Sentiment towards Asia was further dulled by weak economic prints from China. China’s disinflation worsened in March, while export and import figures missed expectations for the month.

Japanese yen weak, USDJPY blows past 153

The yen was among the worst performers for the day, with the USDJPY pair rising 0.3% to a 34-year high of 153.77. The currency, which usually benefits from increased safe haven demand, was largely supplanted by gold and the dollar as a risk-averse trade.

Yen weakness put traders on guard for any potential intervention in currency markets by the Japanese government, following repeated warnings from government officials in recent weeks.

Levels above USDJPY 153 had attracted a record amount of intervention by the Japanese government in 2022, causing a sharp pullback in the currency pair.

Japanese inflation data is also due later this week for more cues on the economy. 

Dollar at 5-½ month high on rate fears, Iran-Israel jitters 

The dollar index and dollar index futures steadied in Asian trade after surging to 5-½ month highs on Friday. 

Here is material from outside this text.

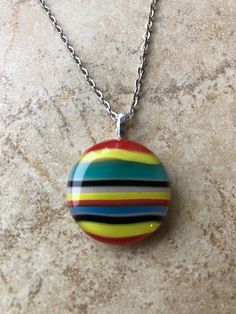 "This is a fun colorful sunny summer striped fused glass pendant necklace, with opalescent and transparent glass in red, teal, yellow, black and pink. The pendant is 1.00\" x 1.00\" and comes on a 16\" chain with lobster clasp. Caring for fused glass jewelry: To clean, use a soft cloth. Do not use harsh chemicals to clean. Should not be submerged in water, and should be removed when bathing. While fused glass is much stronger, use care when handling as can still break if dropped on hard surface. Multicolor Recycled Glass Necklaces For Gifts, Multicolor Recycled Glass Necklace As Gift, Multicolor Glass Round Pendant Necklace, Fused Glass Pendant Necklace, Fused Glass Necklace, Teal Yellow, Fused Glass Pendant, Fused Glass Jewelry, Summer Stripes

The greenback was boosted by safe haven demand after Iran launched a large-scale missile and drone strike against Israel. 

But the damage from the strike appeared minimal, and Iran also signaled that it had concluded its attack against Israel. Israeli ministers also reportedly said that they were not considering an immediate retaliation over the strike.

The dollar was also buoyed by rapidly declining bets that the Fed will cut interest rates in the first half of 2024. This came on the back of strong inflation readings for March.

Weak risk appetite and higher-for-longer U.S. rates weighed on most Asian currencies. The Chinese yuan’s USDCNY pair tread water after the People’s Bank kept medium-term lending rates unchanged. 

The Australian dollar’s AUDUSD pair rose 0.4%, recovering from a plunge to two-month lows on Friday, while the South Korean won’s USDKRW pair rose 0.3%.

The Indian rupee was fragile with the USDINR pair falling from levels close to record highs, while the Singapore dollar’s USDSGD pair moved sideways.